Passei um café e depois passei algum tempo procurando os motivos da estranheza das minhas entranhas, do desassossego da alma. Mas minha procura se deu entre pensamentos descoordenados, uma caldeirada de notícias tristes de vozes que se calam, de canalhices políticas, de rotina e afazeres domésticos de um dia de sábado.
São tantos fatos e situações absurdas, do meu ponto de vista, que me fazem imaginar ser essa a sensação de um peixe fora d’água. Sem chegar a lugar algum e vendo o monstro sorrir dentro de mim, me sentei para escrever e praticar minha purgação, a única forma de entrega real que conheço e que, de algum jeito, me organiza.
Escrevendo, fui elaborando que há tanta falta no mundo, que, nesse momento, ela faz parte de mim. Sou toda eu uma falta, refletindo esse vazio que a vida vem se tornando, ou no qual vamos tornando o mundo.
Sem olhar pra dentro, seguimos, em multidões, mesmo quando trancados em nossos quartos; zumbis conectados que já são máquinas, ou extensões delas. Não temos mais as conexões físicas. com a frequência que seria necessária para nos fazer sentir vivos e parte de algo maior que a gente.
Em busca de termos muito, caminhamos para o nada absoluto. E, agora, nessa falta de tudo, nos perdemos dentro das pequenas telas em nossas mãos, transformadas em espelhos, refletindo apenas o melhor de nós, a roupa mais bonita, o passeio mais incrível.
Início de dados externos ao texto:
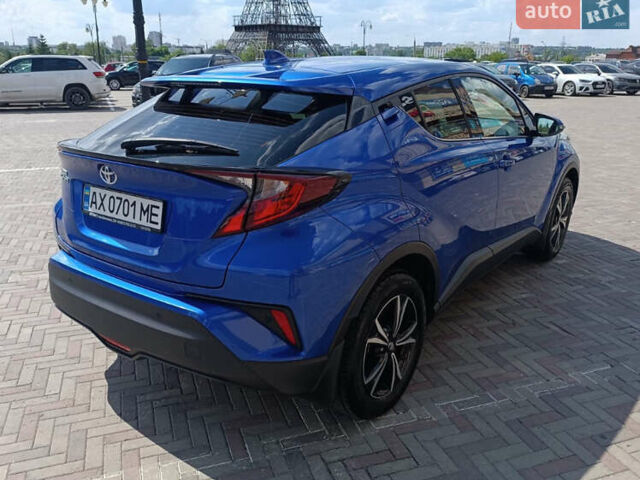 Синий Тойота C-HR, объемом двигателя 1.2 л и пробегом 130 тыс. км за 19900 $, фото 2 на Automoto.ua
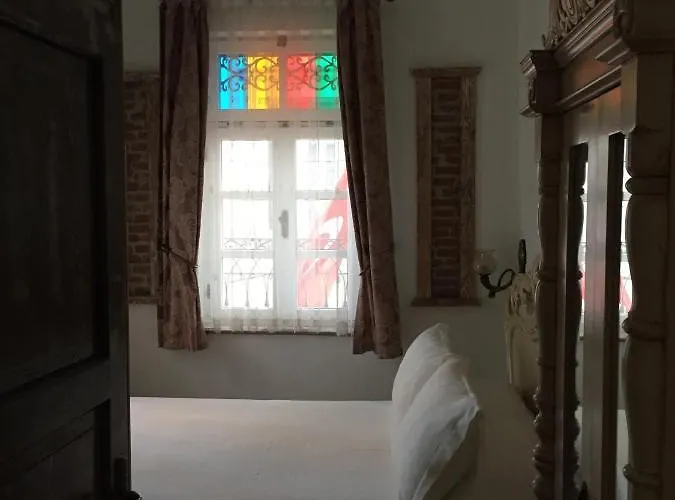 Cavlihane 1885 Hotel 3*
Um feed que só muda quando tragédias sacodem a perfeição e esfregam na nossa cara a fragilidade preciosa da vida.
Numa fuga permanente, somos cada vez mais passageiros de uma era fluída demais para deixar marcas que valham à pena. É possível que tudo isso e mais um monte de coisas que não consegui traduzir em palavras - ainda - sejam a causa da angústia, do desassossego, da inquietude dessa alma velha, que, mesmo caduca, fica à procura de um sentido para tudo que a cerca. Haverá?